* Task requirements *
Could you retype, exactly and with no pictures, only the lines from the first line of the records below through the line that contains "What we used"?

* Data records *
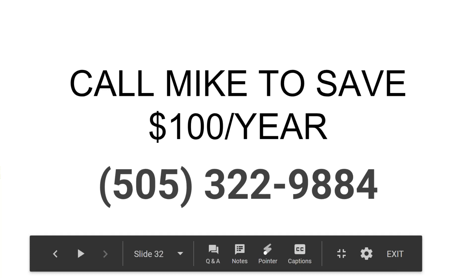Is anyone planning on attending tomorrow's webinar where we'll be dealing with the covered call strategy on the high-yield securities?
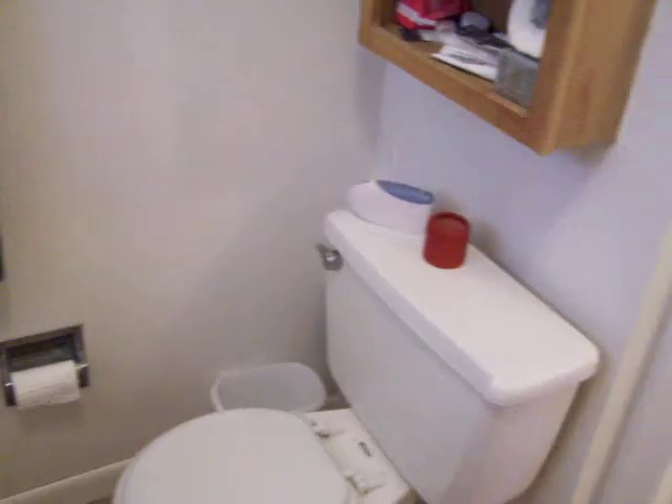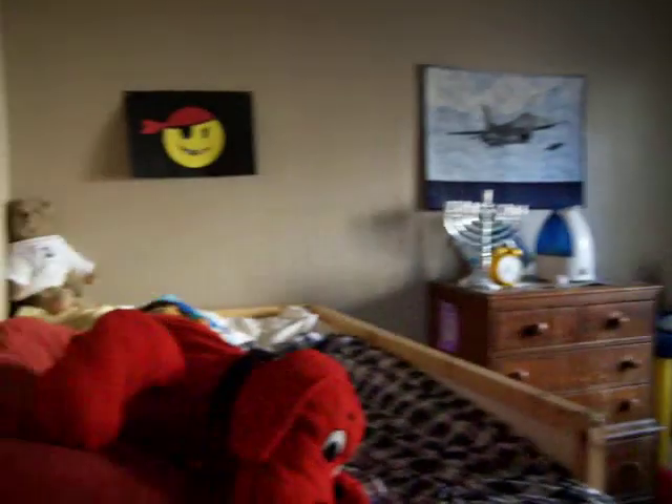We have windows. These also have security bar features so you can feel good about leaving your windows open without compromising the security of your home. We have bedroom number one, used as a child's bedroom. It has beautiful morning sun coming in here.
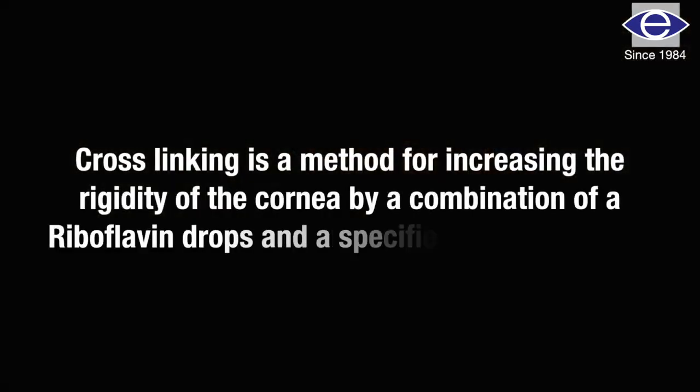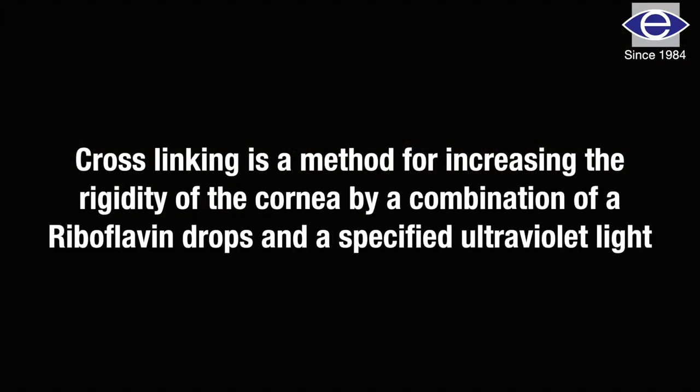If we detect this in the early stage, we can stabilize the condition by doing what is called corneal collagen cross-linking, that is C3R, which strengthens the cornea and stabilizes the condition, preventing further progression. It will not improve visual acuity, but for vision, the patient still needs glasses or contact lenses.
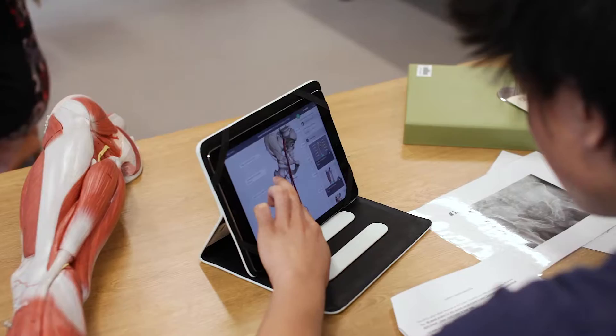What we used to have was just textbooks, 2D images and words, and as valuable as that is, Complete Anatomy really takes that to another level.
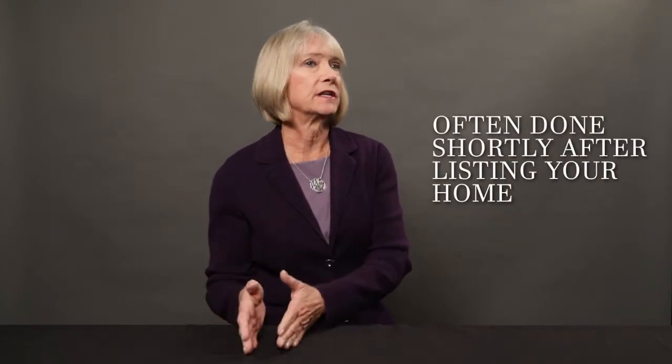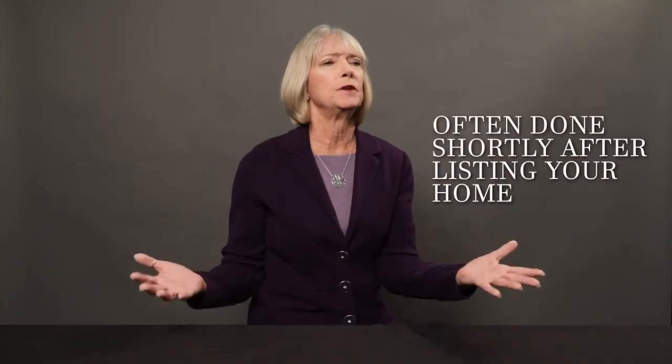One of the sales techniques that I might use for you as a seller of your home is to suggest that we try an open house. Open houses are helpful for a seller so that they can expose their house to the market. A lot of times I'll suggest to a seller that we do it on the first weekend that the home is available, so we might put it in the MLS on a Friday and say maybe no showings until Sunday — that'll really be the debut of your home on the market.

* Exercise solution *
Is anyone planning on attending tomorrow's webinar where we'll be dealing with the covered call strategy on the high-yield securities?
We have windows. These also have security bar features so you can feel good about leaving your windows open without compromising the security of your home. We have bedroom number one, used as a child's bedroom. It has beautiful morning sun coming in here.
If we detect this in the early stage, we can stabilize the condition by doing what is called corneal collagen cross-linking, that is C3R, which strengthens the cornea and stabilizes the condition, preventing further progression. It will not improve visual acuity, but for vision, the patient still needs glasses or contact lenses.
What we used to have was just textbooks, 2D images and words, and as valuable as that is, Complete Anatomy really takes that to another level.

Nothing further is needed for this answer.